MoS2 nanosheets coupled on Ti3C2Tx prepared by molten salt etching for enhancing lithium storage performance†
Abstract
Molybdenum disulfide (MoS2) has great potential as an anode material for lithium-ion batteries due to its graphite-like layered structure and high specific capacity (669.0 mA h g−1). However, challenges such as volume expansion during lithium storage have impeded its utilization. The combined alteration of MoS2 and MXenes has demonstrated its efficacy as a modification technique. In this study, a green and facile phase engineering strategy has been implemented for the synthesis of MoS2/Ti3C2Tx nanocomposites. Ti3C2Tx was rapidly prepared by the fluorine-free molten salt etching method, and then the MoS2/Ti3C2Tx composite was synthesized by the one-pot method. Fluffy and open petal-like interconnect structures were constructed by combining few-layer MoS2 nanosheets with Ti3C2Tx substrate.
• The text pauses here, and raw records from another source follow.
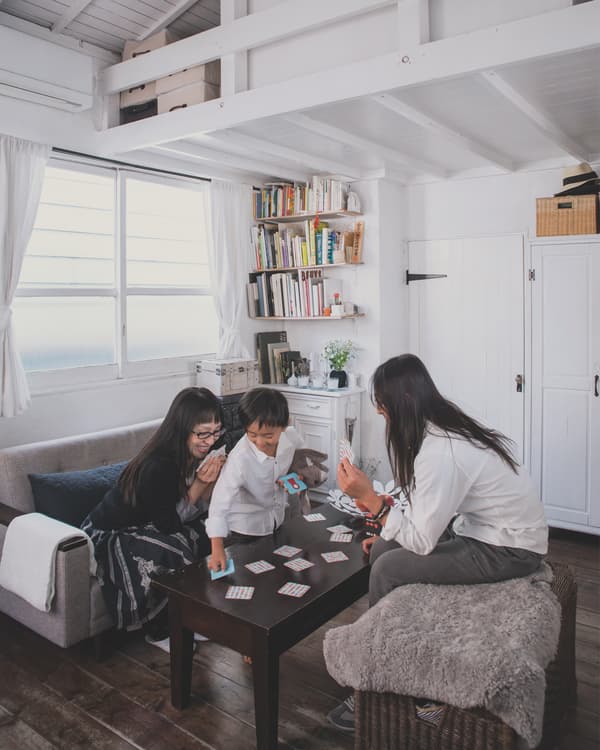 Kaoli, Shige and Tokiwa play card games at their black coffee table in the living room space of their small white home.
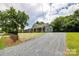 Inviting home with a gravel driveway and welcoming front porch, perfect for relaxing and enjoying the outdoors at 1022 Parker St, Monroe, NC 28112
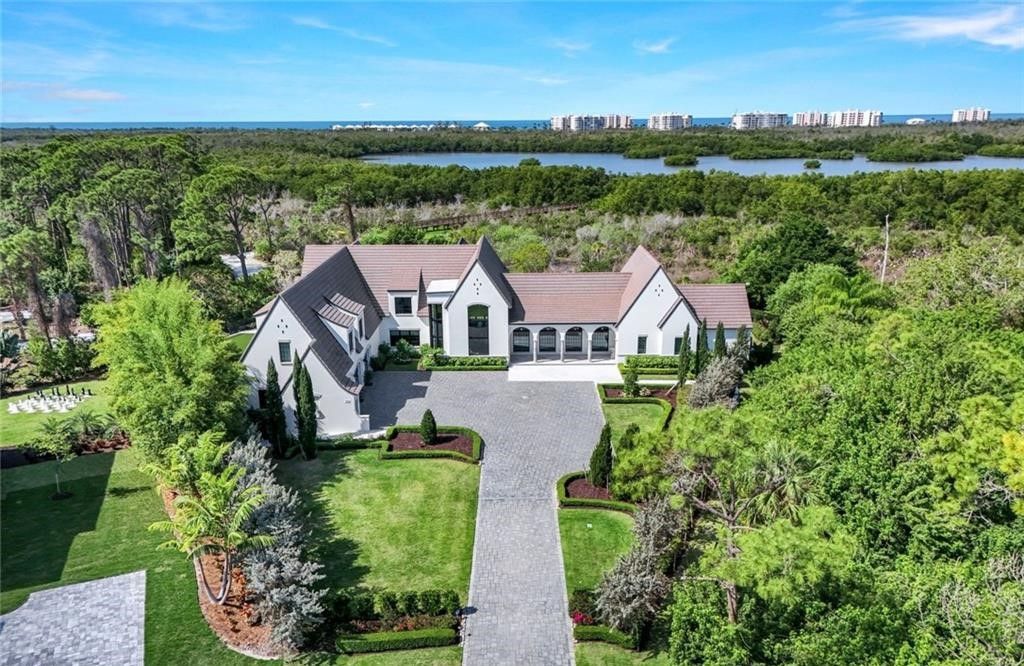 Set on nearly an acre in Audubon Country Club, this 4-bed, 6-bath home, designed by Renee Gaddis and built by the Williams Group, blends modern art deco with French countryside charm.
The introduction of the substrate material (Ti3C2Tx) provides a uniform growth platform for MoS2 nanosheets, and Ti3C2Tx, acting as the supporting material, imparts enhanced structural stability to the composite. Theoretical calculations indicate that this configuration may result in a reduction of the diffusion energy barrier of Li+ from 0.78 eV to 0.19 eV, as well as an enhanced electron transfer. This composite material exhibits enhanced capacity performance, achieving 460.6 mA h g−1 at 0.1 A g−1 after 100 cycles. This approach offers valuable insights into the synthesis of additional high-performance composite materials.